**WHAT IS EXPECTED**
Output exactly the lines from the one containing "An aerial view" through the final line of the entries below, both included, and skip the pictures.

-------- RECORD SET --------

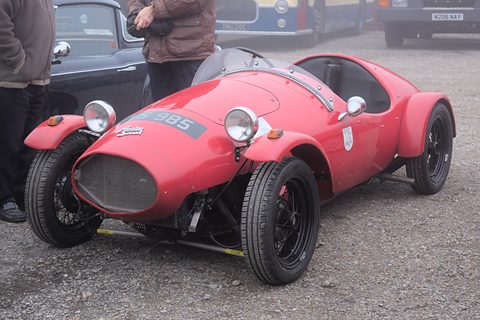 A red rounded two-seat special with a grille and wire wheels on a gravel yard, people behind. Opens a larger view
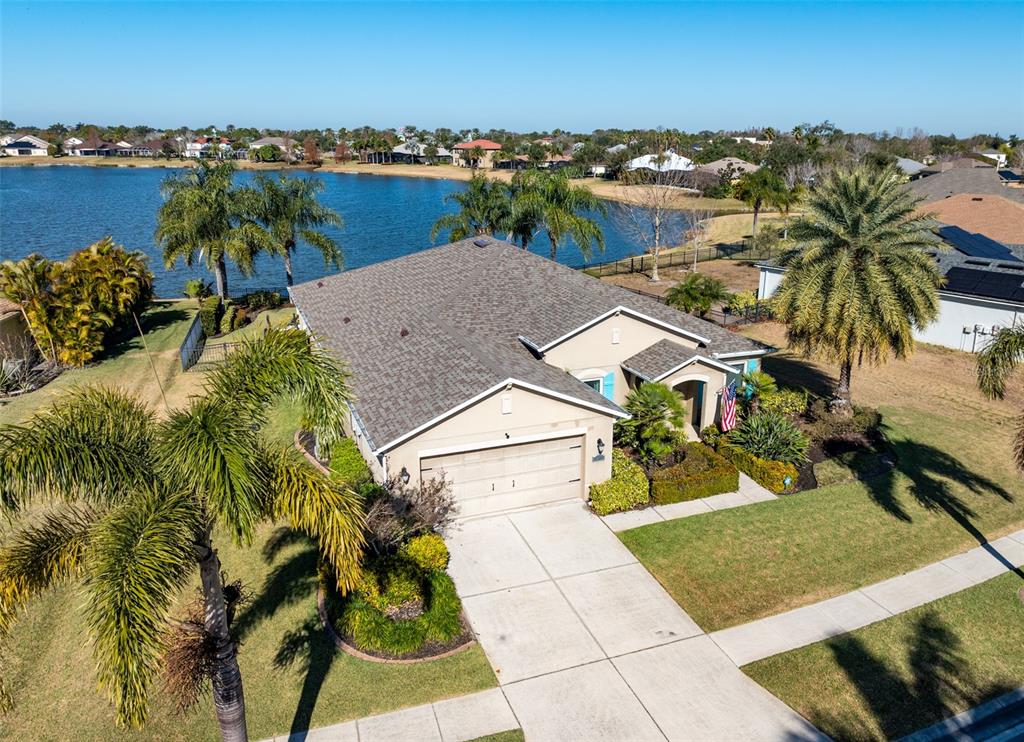 An aerial view shows a single-story house with a two-car garage near a lake — 5431 SANDY SHELL DRIVE, APOLLO BEACH, FL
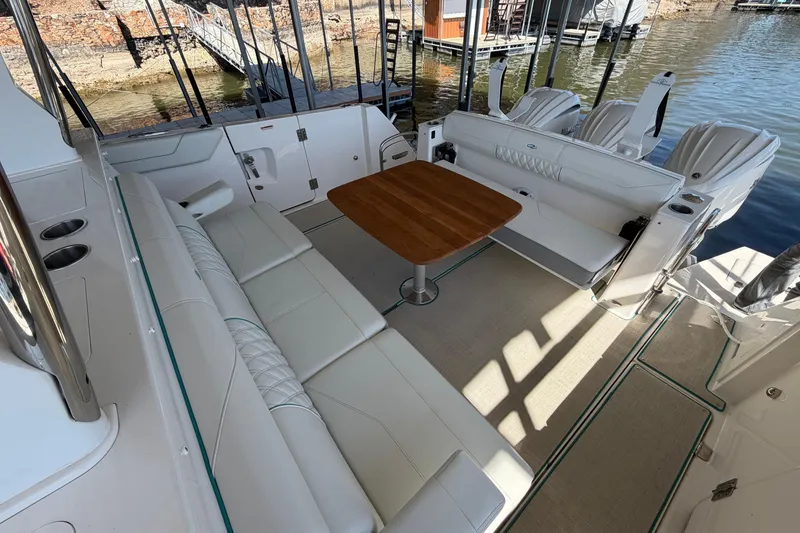 Slide: The Image of 2023 Regal 38 SAV boat interior with seating and helm, docked by the water. - 31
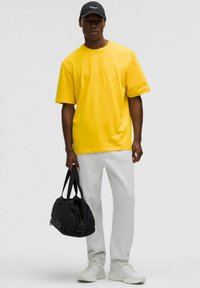 lululemon HEAVYWEIGHT JERSEY - Camiseta básica - yellow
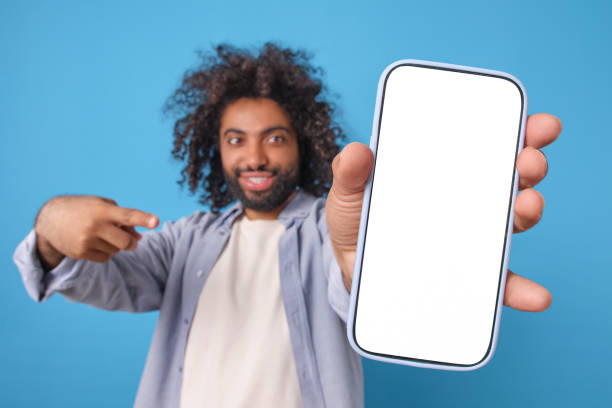 istock Young smiling Arabian man with phone in hand points finger at white display 2113887173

--------

**RESULT FOR THIS EXERCISE**
 An aerial view shows a single-story house with a two-car garage near a lake — 5431 SANDY SHELL DRIVE, APOLLO BEACH, FL
 Slide: The Image of 2023 Regal 38 SAV boat interior with seating and helm, docked by the water. - 31
 lululemon HEAVYWEIGHT JERSEY - Camiseta básica - yellow
 istock Young smiling Arabian man with phone in hand points finger at white display 2113887173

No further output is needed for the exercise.